Here are the raw notes from the workshop.
XDC 2024 - Buffer allocation workshop
=====================================
Attendees:
- Erico Nunes <ernunes(a)redhat.com>
- James Jones <jajones(a)nvidia.com>
- Laurent Pinchart <laurent.pinchart(a)ideasonboard.com>
- Nicolas Dufresne <nicolas(a)collabora.com>
- Yunxiang (Teddy) Li <yunxiang.li(a)amd.com>
Relevant content:
- XDC 2016: https://www.x.org/wiki/Events/XDC2016/Program/Unix_Device_Memory_Allocation…
- XDC 2020: https://lpc.events/event/9/contributions/615/attachments/704/1301/XDC_2020_…
Discussions
-----------
NICs are relevant to the discussion, but likely only on large servers.
The proposal needs to accomodate that.
Nicolas asked about support for the CPU as a device. A lot of pipelines
are hybrid, with CPU processing and dedicated hardware processing. James
said previous proposals were able to support the CPU as a device. The
last proposal was focussed on usages, so could support CPUs.
Demi things this could be viewed as in a similar way as type checking in
compilers, which have to resolve constraints.
Nicolas is annoyed that we force applications to make a decision,
requiring them to go the hard route of reallocation if they get it
wrong. Some of the parameters are the MMU configuration, which can't be
changed afterwards in Linux.
Demi said that there could be cases where the fastest thing to do is to
use shadow memory and copy. Nicolas said the first question that would
come back is if this is something userspace should decide. Yunxiang
asked if we're looking at designing a kernel interface to convey
constraints. Nicolas said some kernel APIs expose some constraints. For
instance, V4L2 allows discovering some stride constraints. Yunxiang
thinks constraints won't be able to scale. Capabilities would be
better. The difference is that the hardware device can have lots of
constraints, but could more easily say some of the things it can do.
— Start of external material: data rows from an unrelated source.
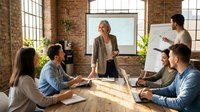 Diverse team of professionals collaborating in modern loft office space with exposed brick, natural light, and whiteboard during business meeting and brainstorming session.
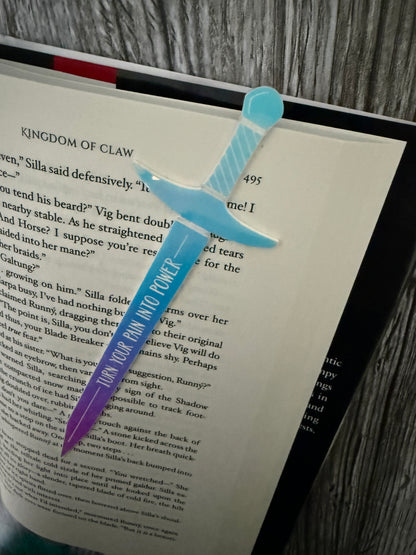 Sword-shaped bookmark with 'turn your pain into Power' text on a 'Kingdom of Claw' book by Demi Winters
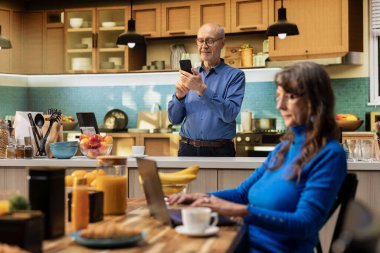 Sakin yaşlı bir adamın portresi mutfak vitrininde yemek ve kahveyle rahat bir an sergiliyor. Huzurlu bir emeklilik yaşamını doğal bir rutin ile kucaklıyor, refah içinde..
Adding a new capability later wouldn't break anything, but adding a new
constraint would require all components to understand it. James said the
latest proposal handled constraints in a forward-compatible way with
versioned constraints. Demi prefers the capabilities approach. Yunxiang
said devices could expose which memory they can access.
Nicolas said that in GStreamer, the current approach is trial and error.
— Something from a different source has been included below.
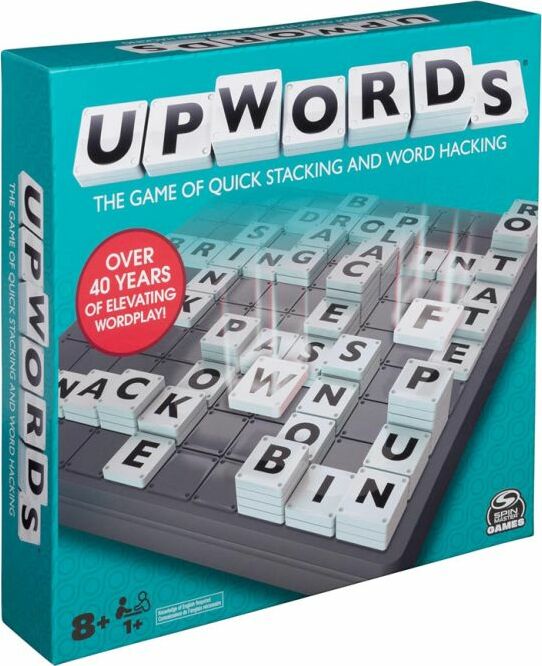 The Upwords game by Hasbro, featuring a vibrant teal box design with a prominent title at the top. The game board inside displays a grid of letter tiles, showcasing various words stacked and played, such as 'WACK' and 'BIN'. The box highlights that it is the game of quick stacking and word hacking, with a note stating 'Over 40 years of elevating wordplay'. Suitable for ages 8 and up.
Capabilities would reduce trial and error. Everybody has hacks on top.
James is instead bringing a formula that solves this. As soon as each of
the nodes involved can be identified (which GStreamer can do now), we
can calculate and combine but can't sustain adding capabilities. Liviu
said GStreamer could tell which capabilities it supports, and push
hardware vendors to comply with that. If the hardware is not compatible,
GStreamer would provide converters. Nicolas said buffer sharing is a
trade-off. We will find things that won't break it but will make it
slower. Demi said that cache-incoherent DMA will usually have higher
bandwidth than cache-coherent DMA, unless all the components share the
same cache.
Discussion followed on capabilities vs. constraints. It's partly a
vocabulary matter. The first proposal from James was using the word
capability. Constraints in the last proposal describe what a device can
do.
Nicolas has only stride and number of planes as constraints in
GStreamer. James' mechanism has support for much more. Yunxiang asked if
we can include the pixel format as constraints. James said we first have
to resolve formats and modifiers, and then handle allocation
constraints. Yunxiang thinks the allocator should also take care of the
format. Nicolas said that when using a tiling modifier, we already
reduce the scope of incompatibilities. When using e.g. an Intel tiling
modifier, there's a bigger guarantee that the devices that support it
will be able to inter-operate as they're designed for that purpose.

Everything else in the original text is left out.